#### DATASET RECORDS ####
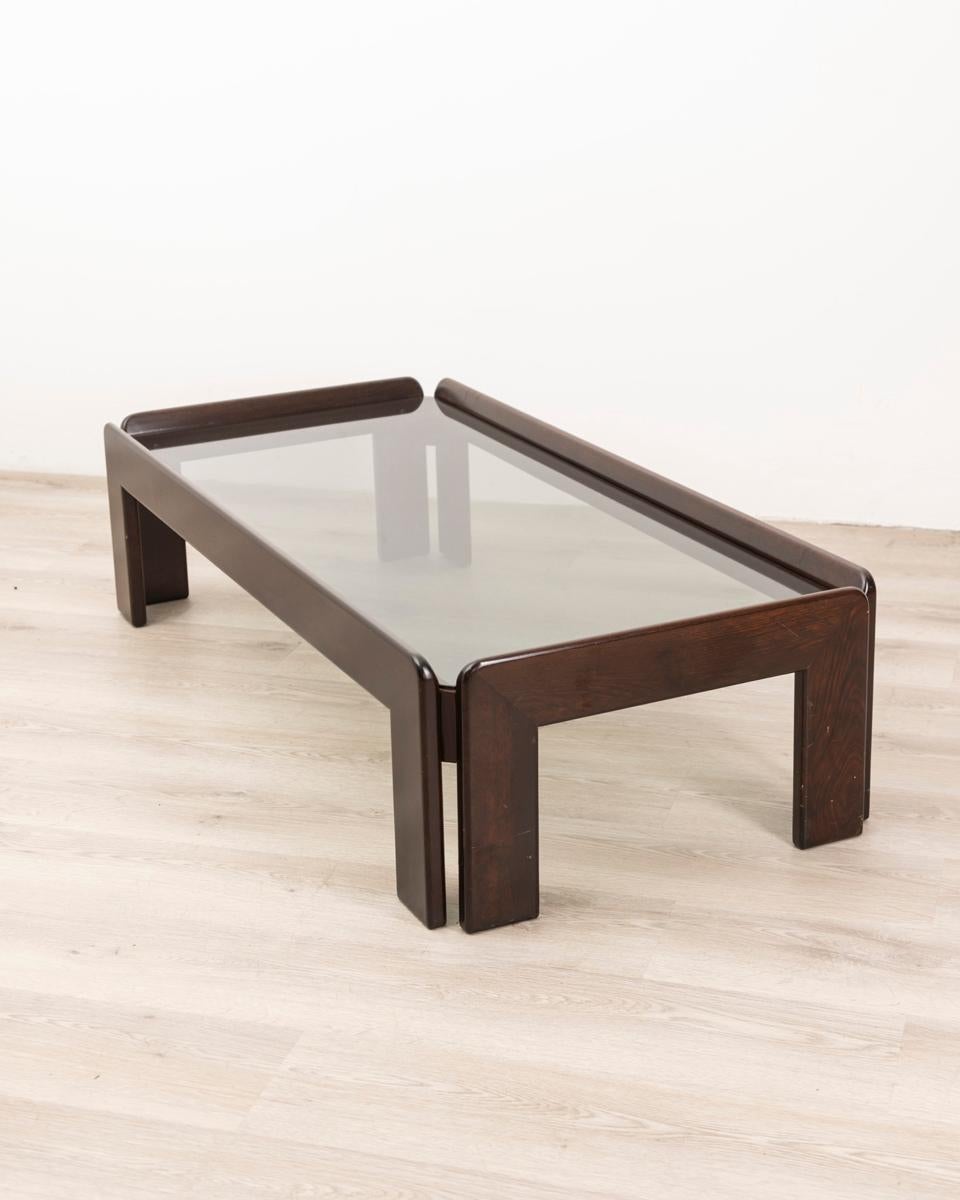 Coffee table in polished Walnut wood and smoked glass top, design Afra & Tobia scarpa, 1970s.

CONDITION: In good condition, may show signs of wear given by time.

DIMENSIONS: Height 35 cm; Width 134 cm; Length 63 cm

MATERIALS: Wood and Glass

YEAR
####
> **TASK TO CARRY OUT**:
Could you reproduce the listing above word for word while leaving out its pictures?

> **YOUR RESPONSE**:
 Coffee table in polished Walnut wood and smoked glass top, design Afra & Tobia scarpa, 1970s.

CONDITION: In good condition, may show signs of wear given by time.

DIMENSIONS: Height 35 cm; Width 134 cm; Length 63 cm

MATERIALS: Wood and Glass

YEAR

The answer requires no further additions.